[Stored records]
□ □ □ □ □ □ □
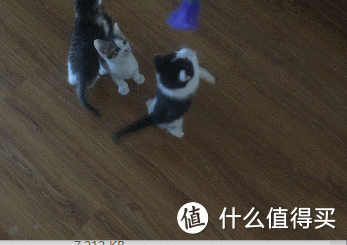 不小心拣了一只喵 — 论不要随便捡喵的重要性(续)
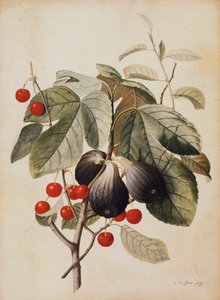 Vijgen en kersen, 1747 door Georg Dionysius Ehret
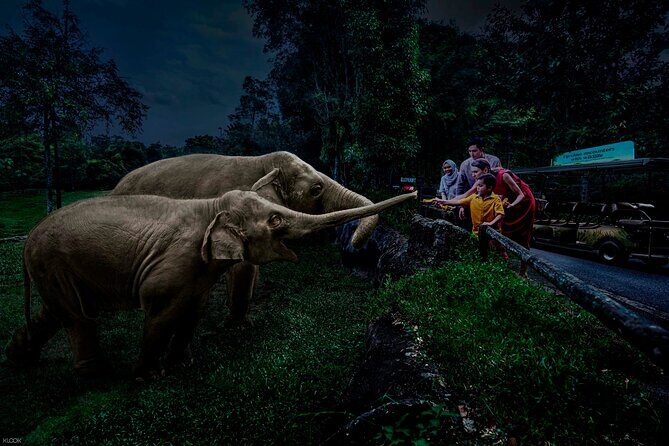 Singapore Night Safari Ticket Experience - Good To Know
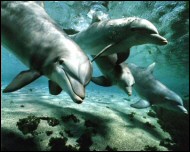 Bottlenose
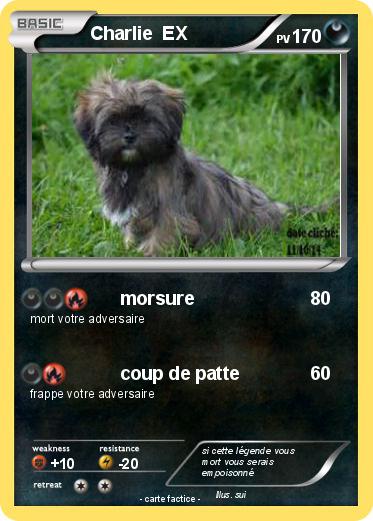 Pokemon Charlie  EX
□ □ □ □ □ □ □
*Problem*.
Restate each entry word for word, please, but drop any images it holds.

*Response area*.
 不小心拣了一只喵 — 论不要随便捡喵的重要性(续)
 Vijgen en kersen, 1747 door Georg Dionysius Ehret
 Singapore Night Safari Ticket Experience - Good To Know
 Bottlenose
 Pokemon Charlie  EX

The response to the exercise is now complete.